Using the entries below, write out the line with "Chewie24.jpg", the line with "Dunckellaan 17 Sittard thumbnail 25", and every line in between, exactly as each is written.

→ **Data for this exercise**:
§

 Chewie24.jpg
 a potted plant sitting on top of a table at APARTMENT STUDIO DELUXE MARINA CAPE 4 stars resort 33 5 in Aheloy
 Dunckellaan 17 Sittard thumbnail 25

§

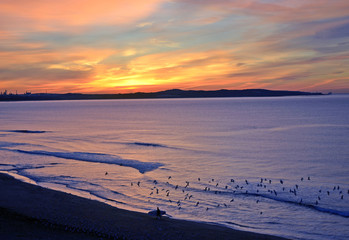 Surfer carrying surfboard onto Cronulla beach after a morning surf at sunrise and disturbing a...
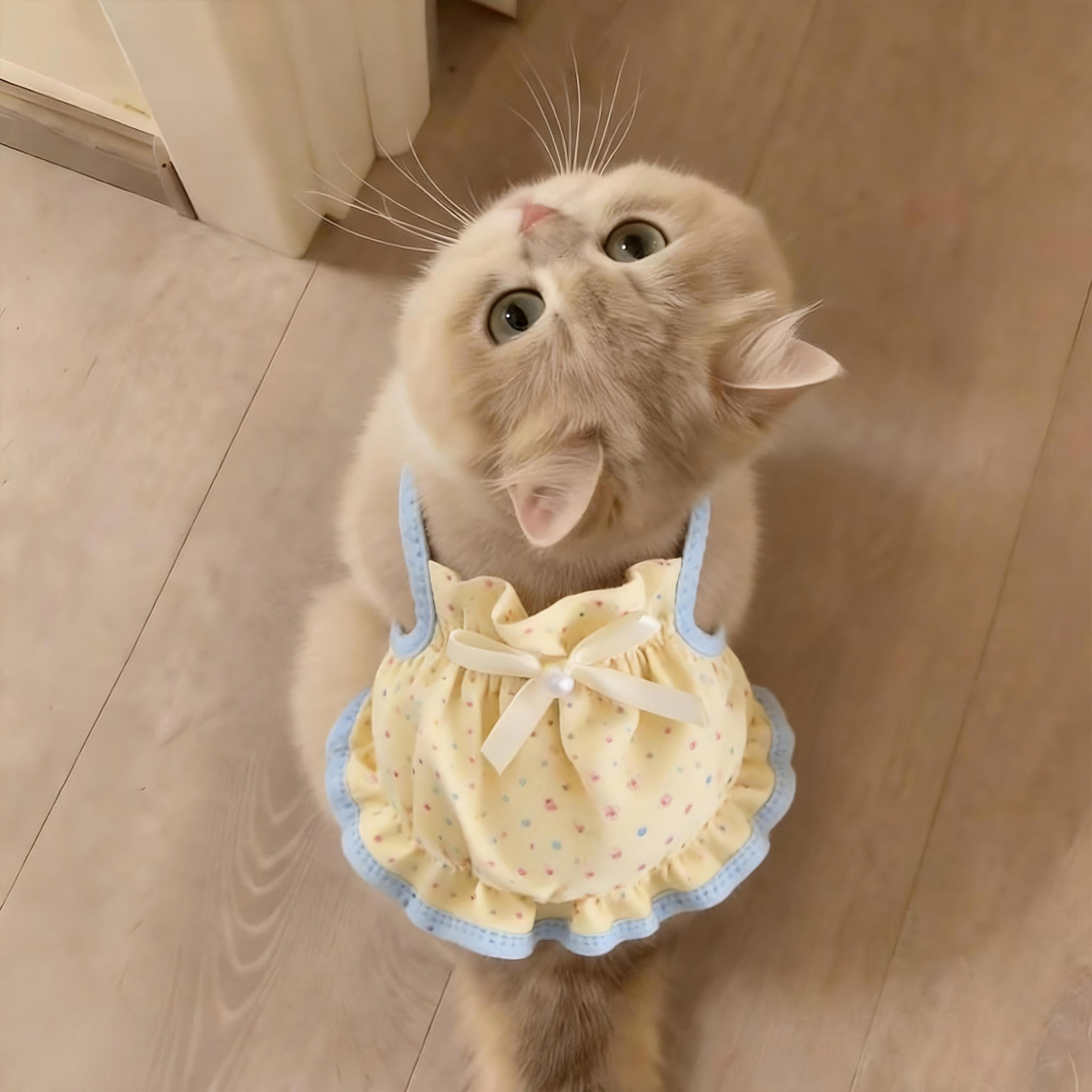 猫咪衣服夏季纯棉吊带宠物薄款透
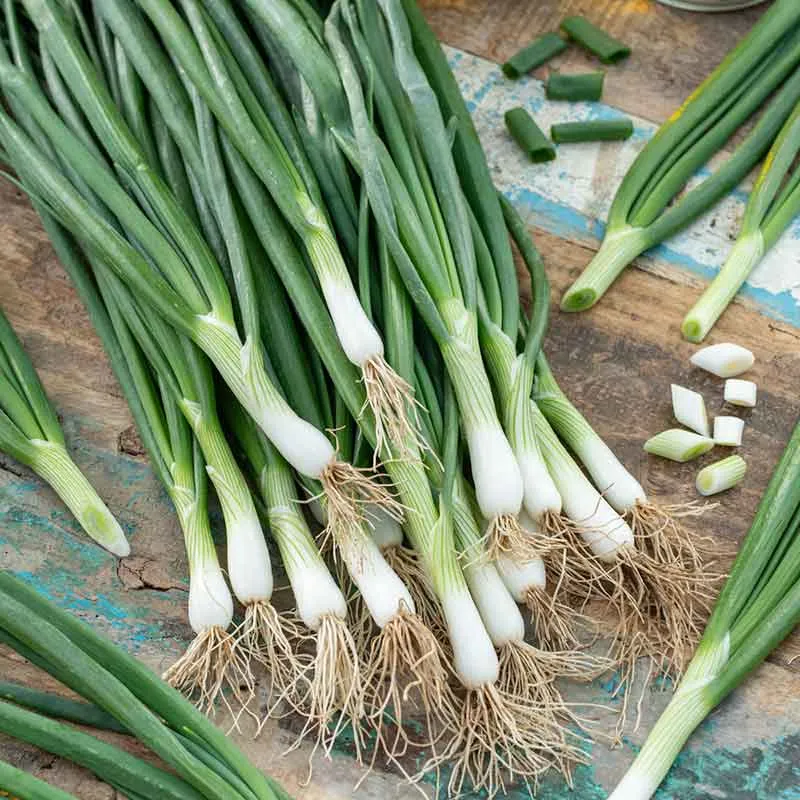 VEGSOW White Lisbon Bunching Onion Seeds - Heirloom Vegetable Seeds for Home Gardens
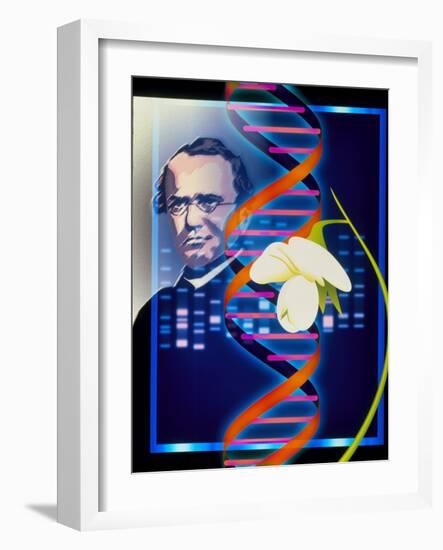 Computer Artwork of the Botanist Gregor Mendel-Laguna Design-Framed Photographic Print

§

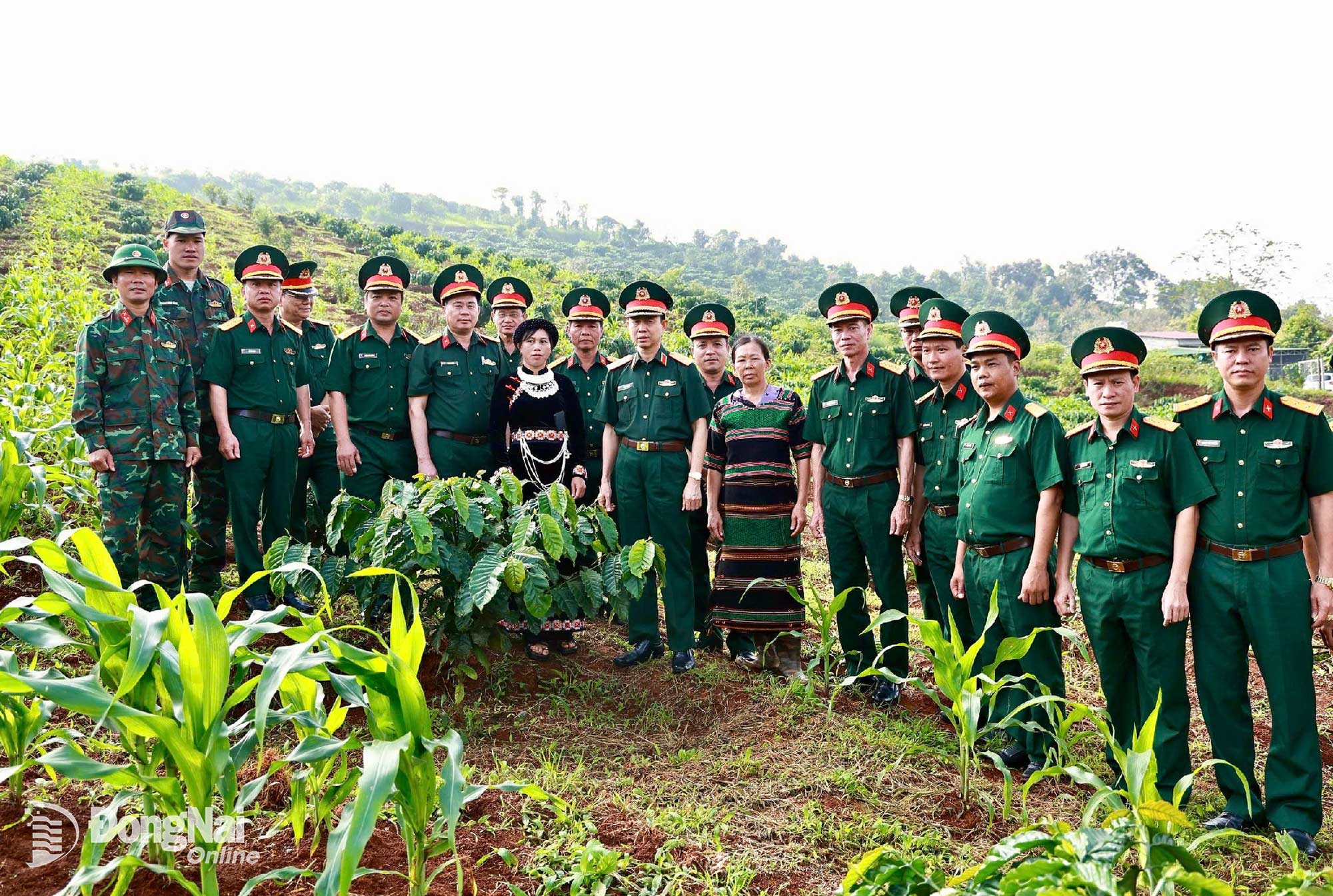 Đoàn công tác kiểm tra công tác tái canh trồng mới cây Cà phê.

§

→ **Written response**:
 Chewie24.jpg
 a potted plant sitting on top of a table at APARTMENT STUDIO DELUXE MARINA CAPE 4 stars resort 33 5 in Aheloy
 Dunckellaan 17 Sittard thumbnail 25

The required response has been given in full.